Work task - Please write out only the lines from the line with "2011-2012 Ford Mustang" to the line with "2.12ct Natural Green Peridot (GEM-29006)", inclusive, exactly as they stand below, without the pictures.

Entries provided -
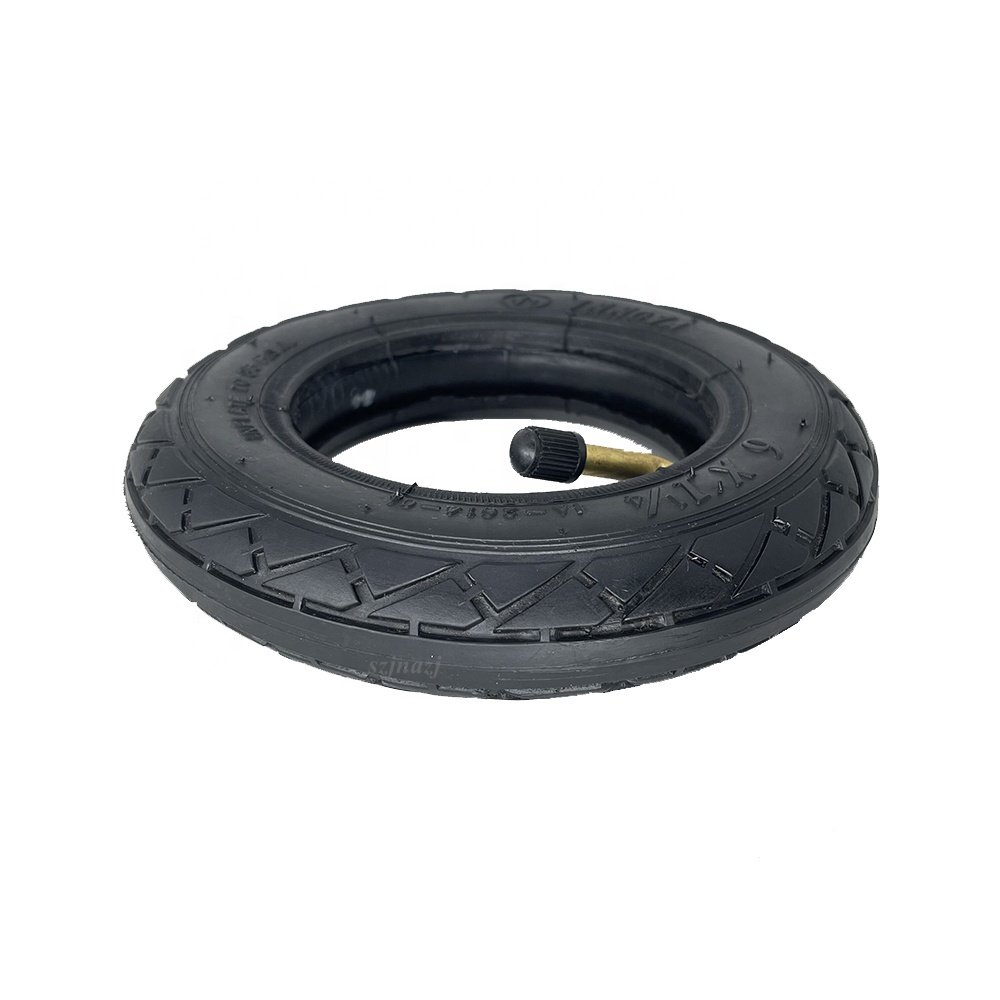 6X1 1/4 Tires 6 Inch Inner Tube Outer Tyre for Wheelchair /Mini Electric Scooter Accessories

==

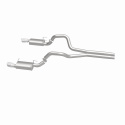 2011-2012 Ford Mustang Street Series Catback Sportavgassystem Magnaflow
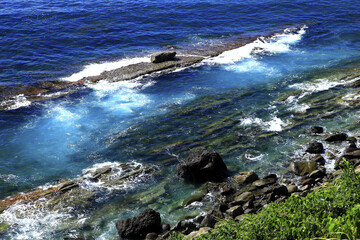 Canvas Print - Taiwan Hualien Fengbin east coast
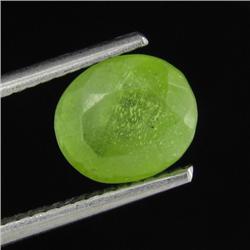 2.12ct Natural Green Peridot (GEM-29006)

* * *

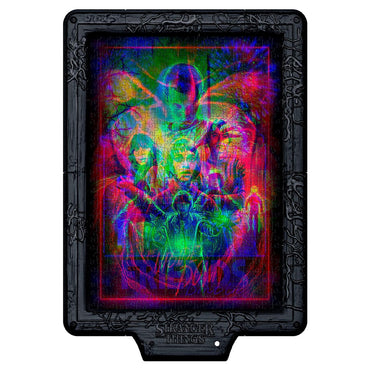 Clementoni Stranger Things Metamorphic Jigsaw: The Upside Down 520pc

Response to the task -
 2011-2012 Ford Mustang Street Series Catback Sportavgassystem Magnaflow
 Canvas Print - Taiwan Hualien Fengbin east coast
 2.12ct Natural Green Peridot (GEM-29006)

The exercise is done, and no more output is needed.